- The Washington Times - Thursday, February 27, 2003

President Bush's two recent efforts to ready America for the threat of biological terrorism the first to retrofit the air quality monitoring stations inside major cities in order to detect bioweapons, and then to spend $6 billion to fund new research into vaccines and antidotes as part of his BioShield initiative will both make Americans safer.
But the president's ability to rapidly deploy a series of bioweapons sensors provides evidence why the development of appropriate antidotes could take much longer.
The technology for detecting bioweapons is advanced to the point where functioning systems can be readily deployed, largely because similar tools have been used for years by the private sector. For example, agricultural companies use the same platforms found inside bioweapons sensors for the detection of contaminants in food.
Seattle-based Research International is one of about a half-dozen companies adapting machines used to detect agricultural toxins as a bioweapon sniffer.
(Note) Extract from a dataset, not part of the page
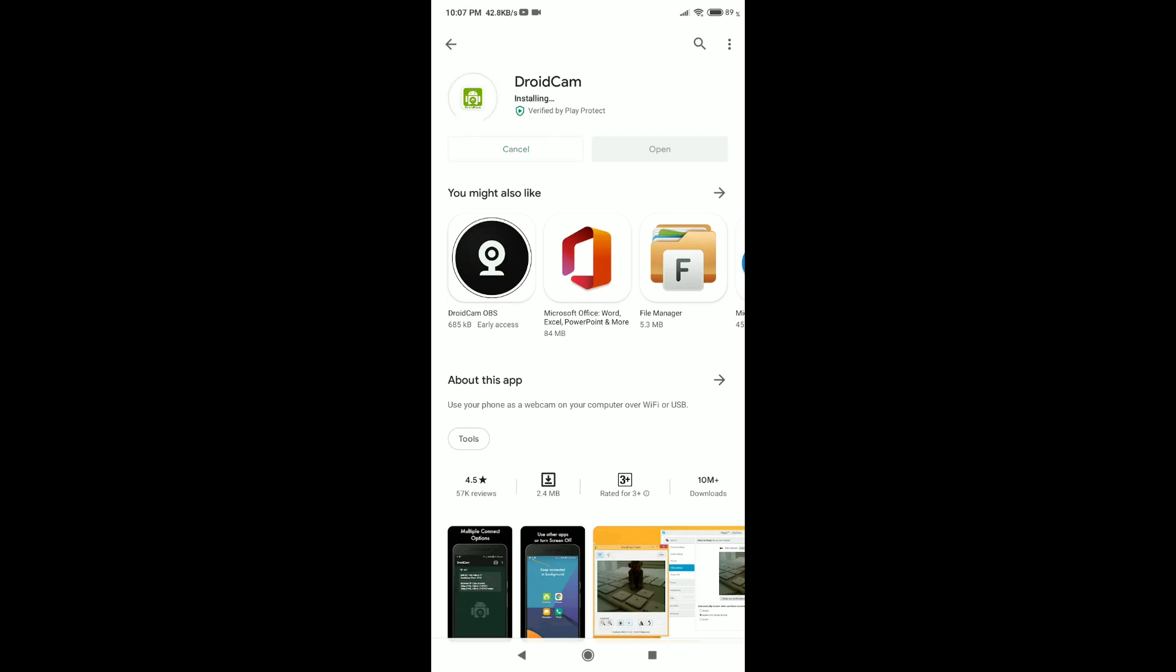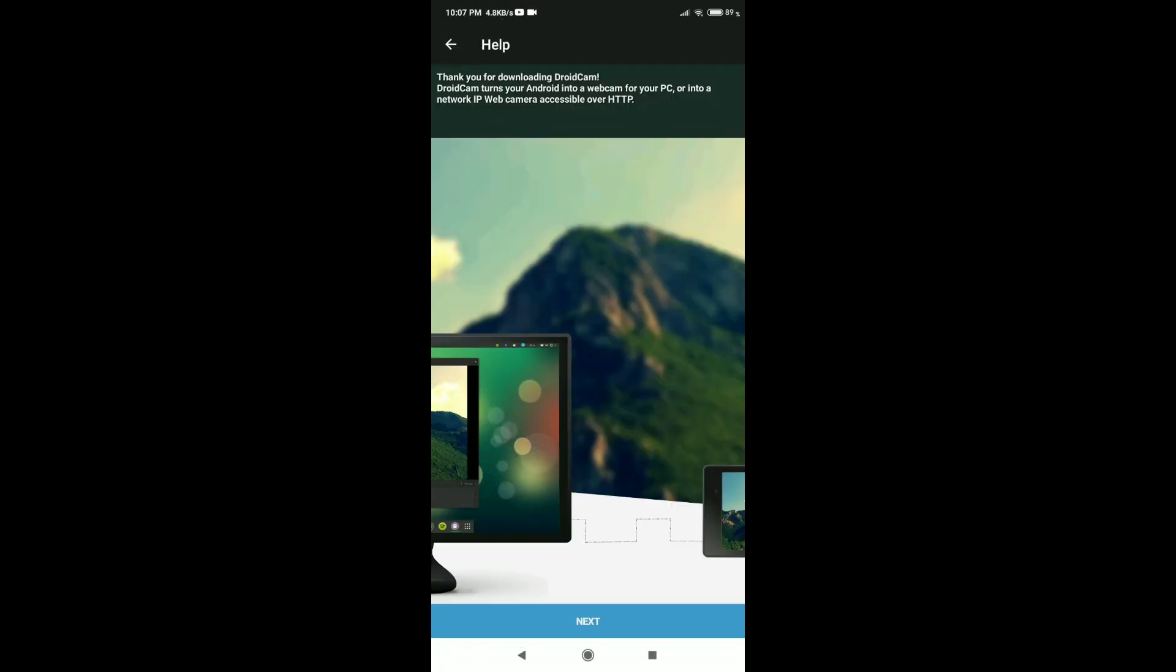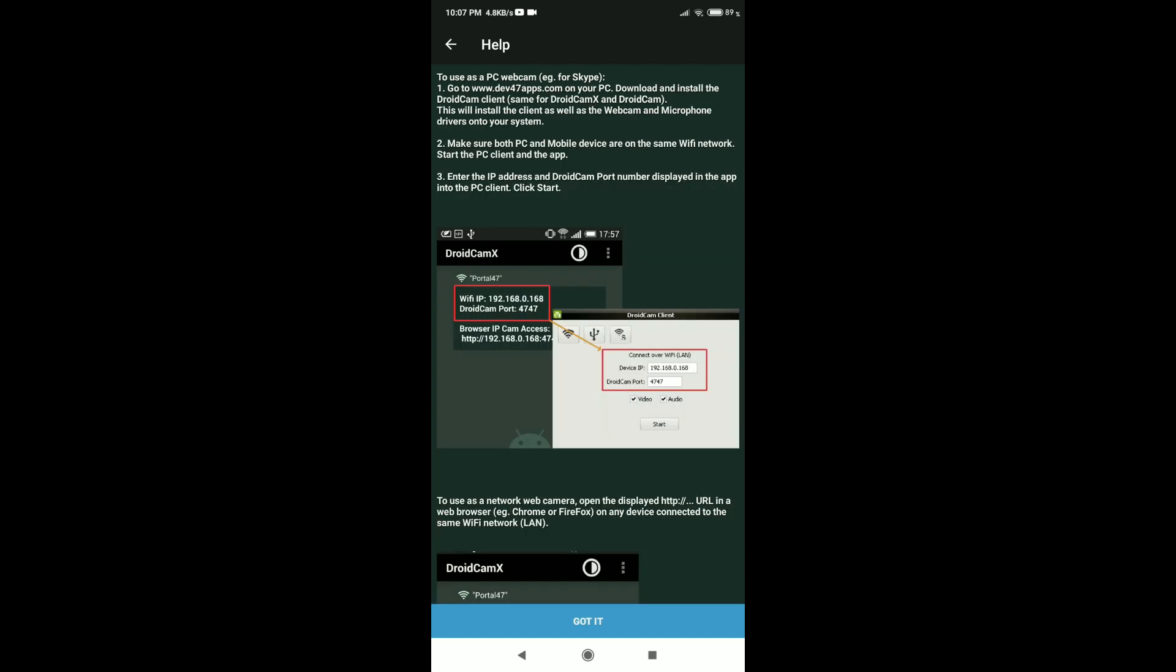Once it is done, open the application and allow the required permissions.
Their box, which can test air and soil samples for a range of would-be bioweapons, has already been successfully deployed on an American-made aerial drone and could eventually be used for clandestine monitoring.
Equally important, the military and civilian needs for biosensors are similar. When companies like Research International spend gobs of money adapting machines into bioweapons sniffers, they can expect to sell successful products to not only the Pentagon, but cities interested in mounting them inside public spaces like subways and sports arenas. The result? There's a big potential opportunity for successful boxes and a flurry of private innovation among companies interested in capturing a slice of that market.
All of these things aren't true when it comes to medical countermeasures and, as a result, our treatments aren't nearly as advanced as our detectors.
With treatments for bioweapons, unlike biosensors, the needs of a soldier stationed on the battlefield and an ordinary office worker are diametrically different. The key for Pentagon planners is to keep their troops on the battlefield in peak performance. That means protecting them from succumbing to a biological agent in the first place, mostly with preventative vaccines. The Pentagon can't risk troops being sick, even if it was only for a few days, say, until antibiotics or antiviral drugs took effect.
By comparison, civilians are less likely to face biological agents, and so vaccinating them for the full spectrum of bioweapons isn't practical, or even necessary. But ordinary Americans still need countermeasures.
In the face of a domestic attack, doctors might not be as concerned that civilians could fall ill to bioagents, so long as they had the tools to completely cure everyone. So, what civilians need are effective treatments that can be stocked on hospital shelves, and used to treat sick patients and mitigate the effects of an attack. The problem is that most of the research in bioweapons countermeasures has traditionally focused on the needs of the Pentagon. So, treatments have been given short shrift in favor of vaccines.
Consider anthrax, where the Pentagon is currently shopping for a better, oral vaccine in order to protect its frontline troops. It wouldn't be practical to give the same vaccine to every American, even if the final product was entirely safe, especially since anthrax isn't contagious and there's little chance it would spread outside an area of release. So long as doctors had effective antidotes stocked in centralized locations, they could easily mitigate the impact of an attack.
What would such treatments look like? With anthrax, it's not the bug itself that kills, but the deadly toxin that these bacteria release. Antibiotics like Cipro kill the bacteria and are effective only if they're administered before the infection has released too much of this poison. But, once too much toxin has been secreted, usually in a matter of days when it comes to inhalation anthrax, all the antibiotics in the world are unlikely to save a victim.
To those ends, what doctors need isn't a vaccine but an antitoxin that could mop up the deadly chemical that anthrax releases into its victim's blood. Such drugs aren't far off. There's strong scientific evidence that a group of shelved cancer compounds called metalloproteinase inhibitors, abandoned years ago because they weren't effective cancer agents, could be converted into drugs that neutralize anthrax toxin.
The same medical principles apply to a range of would-be bioweapons, from Ebola, to smallpox, to tularemia. The right antidotes can be nearly as effective as vaccines and more practical for civilians. But developing these kinds of medicines could be given short shrift unless planners adhere to a dual approach when it comes to developing countermeasures, one that considers the different needs of troops and civilians.
Since it's vaccines that the Pentagon needs most, that's where much of the government research money has often been targeted. The result could be that our cities are outfitted with the best bioweapons sensors, but doctors might not have anything to offer inhabitants if one of them should start ringing.

Dr. Scott Gottlieb is Resident Fellow at the American Enterprise Institute and a writer for the British Medical Journal.